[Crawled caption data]

---

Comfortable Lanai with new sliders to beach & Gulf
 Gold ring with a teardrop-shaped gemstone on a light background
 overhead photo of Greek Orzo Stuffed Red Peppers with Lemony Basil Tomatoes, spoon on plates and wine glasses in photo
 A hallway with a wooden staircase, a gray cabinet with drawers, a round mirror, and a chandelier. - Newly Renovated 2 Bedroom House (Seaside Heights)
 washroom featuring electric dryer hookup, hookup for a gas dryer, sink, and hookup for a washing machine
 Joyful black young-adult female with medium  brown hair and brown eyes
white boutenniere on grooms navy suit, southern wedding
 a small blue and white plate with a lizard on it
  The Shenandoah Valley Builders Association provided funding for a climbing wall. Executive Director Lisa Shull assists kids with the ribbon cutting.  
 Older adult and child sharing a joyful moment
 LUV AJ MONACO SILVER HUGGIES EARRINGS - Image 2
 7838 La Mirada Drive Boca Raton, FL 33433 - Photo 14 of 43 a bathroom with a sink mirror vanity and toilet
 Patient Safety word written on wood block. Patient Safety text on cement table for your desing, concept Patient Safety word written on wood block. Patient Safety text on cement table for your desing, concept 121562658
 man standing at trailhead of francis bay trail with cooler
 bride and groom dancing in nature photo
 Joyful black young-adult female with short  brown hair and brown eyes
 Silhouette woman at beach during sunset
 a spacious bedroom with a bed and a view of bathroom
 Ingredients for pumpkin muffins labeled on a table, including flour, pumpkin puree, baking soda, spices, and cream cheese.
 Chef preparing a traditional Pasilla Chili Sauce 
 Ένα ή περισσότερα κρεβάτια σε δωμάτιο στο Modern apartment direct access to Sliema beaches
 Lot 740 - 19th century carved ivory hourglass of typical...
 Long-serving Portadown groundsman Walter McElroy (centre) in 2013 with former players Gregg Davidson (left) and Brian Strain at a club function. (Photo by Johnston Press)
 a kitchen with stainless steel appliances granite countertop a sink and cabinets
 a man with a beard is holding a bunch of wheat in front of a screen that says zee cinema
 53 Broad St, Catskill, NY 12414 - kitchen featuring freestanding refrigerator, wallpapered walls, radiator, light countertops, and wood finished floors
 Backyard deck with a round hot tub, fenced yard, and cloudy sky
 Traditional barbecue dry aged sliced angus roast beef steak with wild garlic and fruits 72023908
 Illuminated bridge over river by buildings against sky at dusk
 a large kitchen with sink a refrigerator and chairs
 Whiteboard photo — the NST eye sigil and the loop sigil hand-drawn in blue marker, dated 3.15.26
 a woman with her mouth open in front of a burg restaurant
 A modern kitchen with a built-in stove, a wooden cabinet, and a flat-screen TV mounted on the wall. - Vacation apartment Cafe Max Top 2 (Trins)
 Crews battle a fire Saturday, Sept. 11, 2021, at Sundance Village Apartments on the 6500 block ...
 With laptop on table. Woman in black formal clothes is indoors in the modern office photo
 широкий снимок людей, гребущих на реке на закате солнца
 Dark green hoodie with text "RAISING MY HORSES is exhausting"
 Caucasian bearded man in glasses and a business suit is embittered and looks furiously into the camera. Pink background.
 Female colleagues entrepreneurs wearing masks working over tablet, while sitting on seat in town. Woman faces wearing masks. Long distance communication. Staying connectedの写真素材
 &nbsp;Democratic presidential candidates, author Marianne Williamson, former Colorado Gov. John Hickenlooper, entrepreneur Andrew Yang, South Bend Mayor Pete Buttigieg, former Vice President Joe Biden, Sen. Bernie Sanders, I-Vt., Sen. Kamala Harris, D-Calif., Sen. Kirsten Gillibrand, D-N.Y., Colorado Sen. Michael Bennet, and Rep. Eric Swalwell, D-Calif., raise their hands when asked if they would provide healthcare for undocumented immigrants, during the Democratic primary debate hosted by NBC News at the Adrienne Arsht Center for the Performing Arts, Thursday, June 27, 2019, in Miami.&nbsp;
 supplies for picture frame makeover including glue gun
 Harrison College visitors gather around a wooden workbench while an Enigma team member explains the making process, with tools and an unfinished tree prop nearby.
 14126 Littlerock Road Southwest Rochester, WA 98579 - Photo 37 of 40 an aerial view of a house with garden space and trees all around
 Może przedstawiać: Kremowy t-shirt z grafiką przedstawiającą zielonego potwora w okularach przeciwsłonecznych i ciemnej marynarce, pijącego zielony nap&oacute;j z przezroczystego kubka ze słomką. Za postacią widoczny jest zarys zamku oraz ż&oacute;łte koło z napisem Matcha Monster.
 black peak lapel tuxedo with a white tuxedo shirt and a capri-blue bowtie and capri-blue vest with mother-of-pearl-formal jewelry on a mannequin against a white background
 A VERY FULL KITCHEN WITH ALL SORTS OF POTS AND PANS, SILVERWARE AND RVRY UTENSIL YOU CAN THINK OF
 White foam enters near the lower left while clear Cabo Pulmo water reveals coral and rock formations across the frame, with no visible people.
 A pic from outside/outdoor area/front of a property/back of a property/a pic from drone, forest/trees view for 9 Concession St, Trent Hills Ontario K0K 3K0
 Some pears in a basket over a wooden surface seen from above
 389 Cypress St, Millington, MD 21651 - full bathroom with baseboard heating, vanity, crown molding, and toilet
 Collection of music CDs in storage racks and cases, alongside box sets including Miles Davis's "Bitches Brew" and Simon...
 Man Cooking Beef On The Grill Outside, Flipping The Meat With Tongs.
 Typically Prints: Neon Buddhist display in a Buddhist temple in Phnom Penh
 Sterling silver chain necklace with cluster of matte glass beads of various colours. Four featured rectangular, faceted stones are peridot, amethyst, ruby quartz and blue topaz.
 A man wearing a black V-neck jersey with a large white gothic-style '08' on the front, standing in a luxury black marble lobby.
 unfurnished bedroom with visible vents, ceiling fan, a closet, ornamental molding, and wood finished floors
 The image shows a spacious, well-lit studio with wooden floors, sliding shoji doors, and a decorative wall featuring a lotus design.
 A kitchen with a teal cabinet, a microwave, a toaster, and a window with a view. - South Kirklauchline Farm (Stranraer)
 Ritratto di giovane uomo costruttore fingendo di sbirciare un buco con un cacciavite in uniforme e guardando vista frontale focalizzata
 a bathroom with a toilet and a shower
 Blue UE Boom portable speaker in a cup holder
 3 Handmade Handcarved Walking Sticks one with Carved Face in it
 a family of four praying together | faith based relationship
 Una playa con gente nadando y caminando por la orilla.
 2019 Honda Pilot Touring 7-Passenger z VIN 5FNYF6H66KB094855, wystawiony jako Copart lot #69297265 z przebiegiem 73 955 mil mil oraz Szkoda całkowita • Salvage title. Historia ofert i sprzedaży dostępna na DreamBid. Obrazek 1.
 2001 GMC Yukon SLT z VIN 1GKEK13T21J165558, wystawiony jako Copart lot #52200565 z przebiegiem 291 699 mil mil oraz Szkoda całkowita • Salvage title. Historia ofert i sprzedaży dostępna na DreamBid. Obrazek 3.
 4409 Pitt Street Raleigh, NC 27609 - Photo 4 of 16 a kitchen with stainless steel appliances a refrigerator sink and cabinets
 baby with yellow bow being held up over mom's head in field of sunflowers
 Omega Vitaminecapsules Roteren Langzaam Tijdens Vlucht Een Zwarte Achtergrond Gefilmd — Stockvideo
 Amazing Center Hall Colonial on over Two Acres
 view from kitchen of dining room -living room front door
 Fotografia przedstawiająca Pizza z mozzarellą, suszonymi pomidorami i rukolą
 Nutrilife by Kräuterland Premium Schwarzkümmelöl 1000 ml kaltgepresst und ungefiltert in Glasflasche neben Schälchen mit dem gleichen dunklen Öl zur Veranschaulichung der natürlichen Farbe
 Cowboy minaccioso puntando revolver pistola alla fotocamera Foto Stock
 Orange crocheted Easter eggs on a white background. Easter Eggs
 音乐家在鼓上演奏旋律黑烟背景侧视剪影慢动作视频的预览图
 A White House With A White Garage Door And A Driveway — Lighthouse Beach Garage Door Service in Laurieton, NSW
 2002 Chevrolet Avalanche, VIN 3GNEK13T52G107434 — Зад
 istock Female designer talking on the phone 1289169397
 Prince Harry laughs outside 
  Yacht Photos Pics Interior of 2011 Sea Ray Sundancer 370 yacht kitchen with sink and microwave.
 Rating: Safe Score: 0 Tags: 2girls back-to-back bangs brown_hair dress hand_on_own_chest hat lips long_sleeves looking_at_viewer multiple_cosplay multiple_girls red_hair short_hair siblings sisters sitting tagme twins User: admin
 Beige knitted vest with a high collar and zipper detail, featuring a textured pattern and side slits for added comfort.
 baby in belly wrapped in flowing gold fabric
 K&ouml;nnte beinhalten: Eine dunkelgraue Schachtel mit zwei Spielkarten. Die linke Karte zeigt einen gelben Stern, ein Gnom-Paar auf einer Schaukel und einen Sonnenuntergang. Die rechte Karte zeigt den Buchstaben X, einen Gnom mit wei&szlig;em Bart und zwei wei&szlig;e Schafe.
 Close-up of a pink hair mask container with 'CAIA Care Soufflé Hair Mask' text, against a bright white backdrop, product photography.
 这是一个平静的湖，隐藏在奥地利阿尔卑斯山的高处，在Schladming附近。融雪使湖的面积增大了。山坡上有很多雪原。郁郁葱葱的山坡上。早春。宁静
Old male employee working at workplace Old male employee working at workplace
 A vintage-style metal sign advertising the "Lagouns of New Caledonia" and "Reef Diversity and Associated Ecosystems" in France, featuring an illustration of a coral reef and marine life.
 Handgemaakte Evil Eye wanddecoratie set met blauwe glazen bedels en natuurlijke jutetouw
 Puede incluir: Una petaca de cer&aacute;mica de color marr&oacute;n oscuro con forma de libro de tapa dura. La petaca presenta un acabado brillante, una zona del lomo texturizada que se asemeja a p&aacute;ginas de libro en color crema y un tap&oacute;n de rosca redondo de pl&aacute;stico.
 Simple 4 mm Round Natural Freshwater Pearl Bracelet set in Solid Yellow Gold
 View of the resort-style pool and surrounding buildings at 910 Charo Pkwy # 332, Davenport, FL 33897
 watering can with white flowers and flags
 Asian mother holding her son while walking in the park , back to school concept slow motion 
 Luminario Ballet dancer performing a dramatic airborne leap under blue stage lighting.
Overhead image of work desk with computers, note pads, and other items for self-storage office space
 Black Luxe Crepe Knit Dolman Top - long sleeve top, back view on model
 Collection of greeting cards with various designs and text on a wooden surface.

---

Work instruction:
Above are the records; copy exactly the lines from the line with "音乐家在鼓上演奏旋律黑烟背景侧视剪影慢动作视频的预览图" through the line with "istock Female designer", both included.

Answer section:
 音乐家在鼓上演奏旋律黑烟背景侧视剪影慢动作视频的预览图
 A White House With A White Garage Door And A Driveway — Lighthouse Beach Garage Door Service in Laurieton, NSW
 2002 Chevrolet Avalanche, VIN 3GNEK13T52G107434 — Зад
 istock Female designer talking on the phone 1289169397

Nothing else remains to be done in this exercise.